Problem to solve:
Taking the listing below, restate word for word each line from the line with "One Direction on" to the line with "Thumbnail 3 in", ends included, and stop there.

Supplied records:

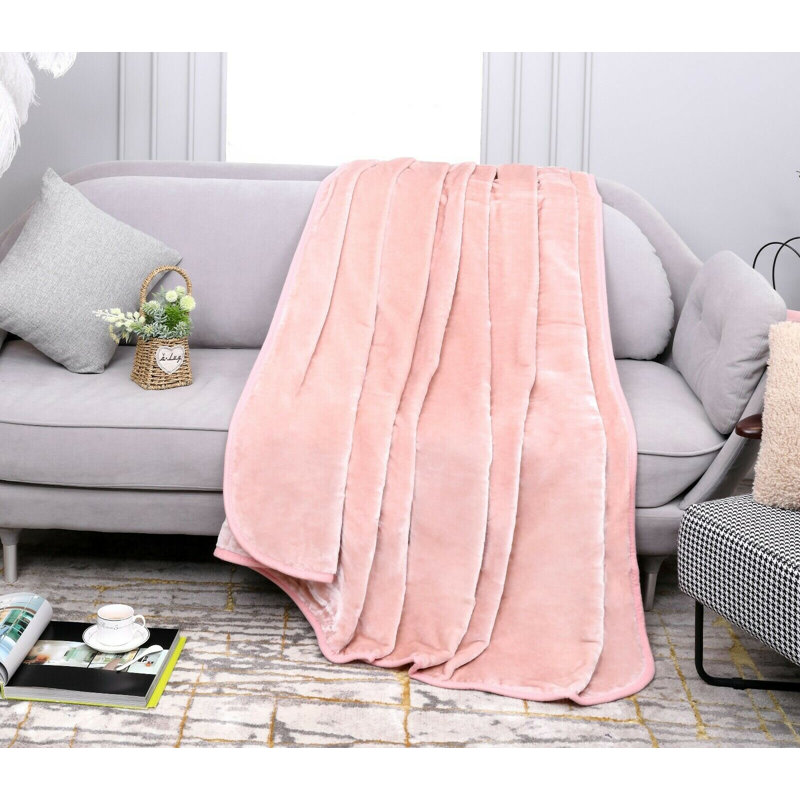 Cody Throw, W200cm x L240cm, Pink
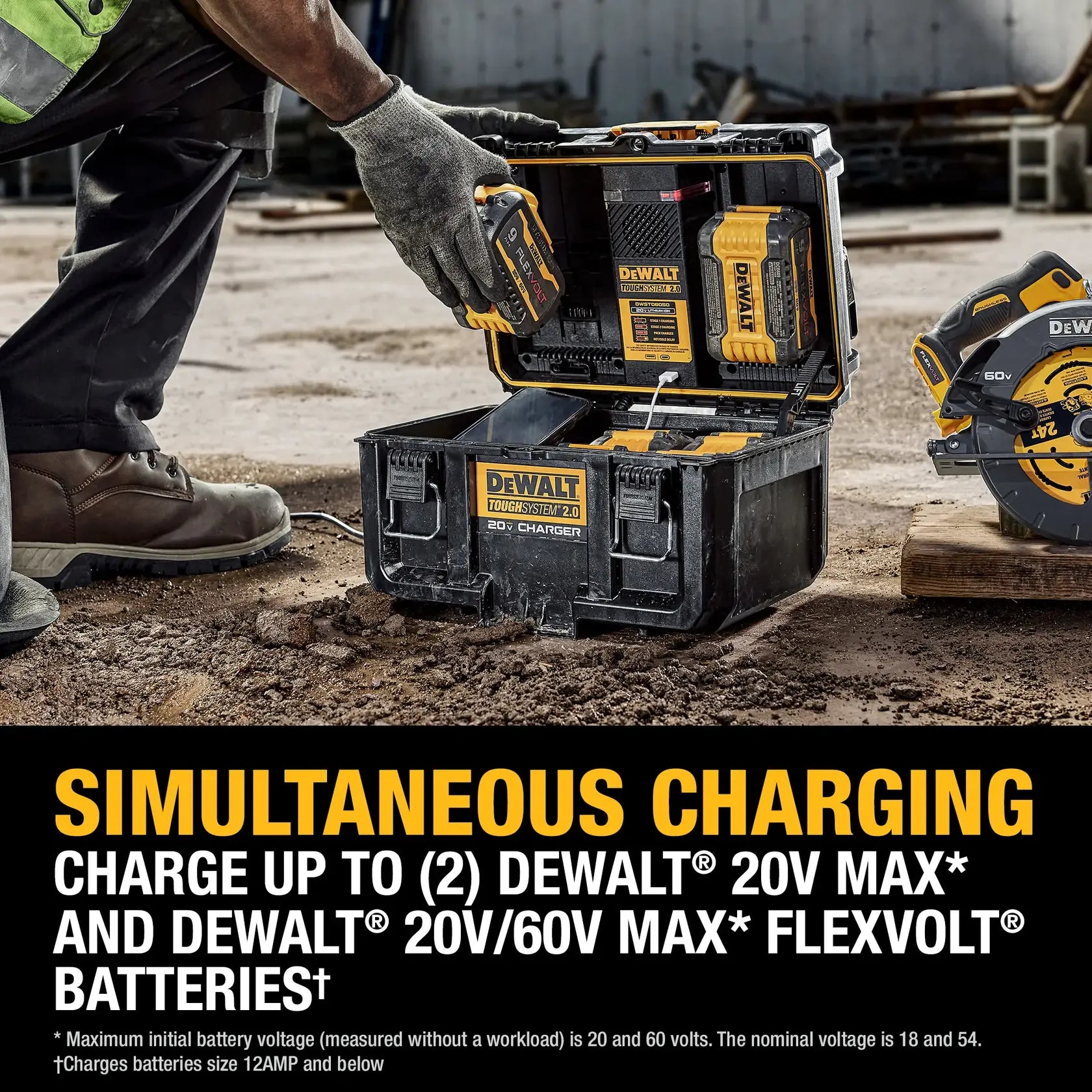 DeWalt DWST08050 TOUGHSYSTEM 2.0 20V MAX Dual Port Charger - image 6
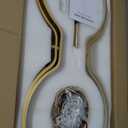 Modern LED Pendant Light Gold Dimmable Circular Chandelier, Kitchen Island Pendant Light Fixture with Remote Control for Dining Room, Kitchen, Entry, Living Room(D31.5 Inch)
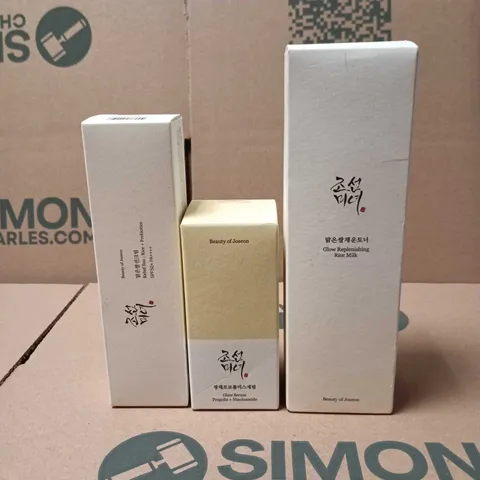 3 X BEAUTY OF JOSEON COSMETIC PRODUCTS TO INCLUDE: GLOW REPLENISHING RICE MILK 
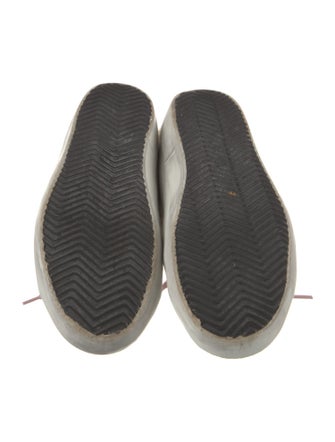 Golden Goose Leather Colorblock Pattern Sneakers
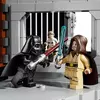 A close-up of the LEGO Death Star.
* * *
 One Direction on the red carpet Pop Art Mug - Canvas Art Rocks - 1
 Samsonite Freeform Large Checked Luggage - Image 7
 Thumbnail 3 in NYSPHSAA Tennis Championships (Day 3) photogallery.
* * *
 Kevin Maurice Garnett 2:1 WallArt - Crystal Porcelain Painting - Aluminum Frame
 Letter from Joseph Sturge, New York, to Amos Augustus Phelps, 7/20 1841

Result of the task:
 One Direction on the red carpet Pop Art Mug - Canvas Art Rocks - 1
 Samsonite Freeform Large Checked Luggage - Image 7
 Thumbnail 3 in NYSPHSAA Tennis Championships (Day 3) photogallery.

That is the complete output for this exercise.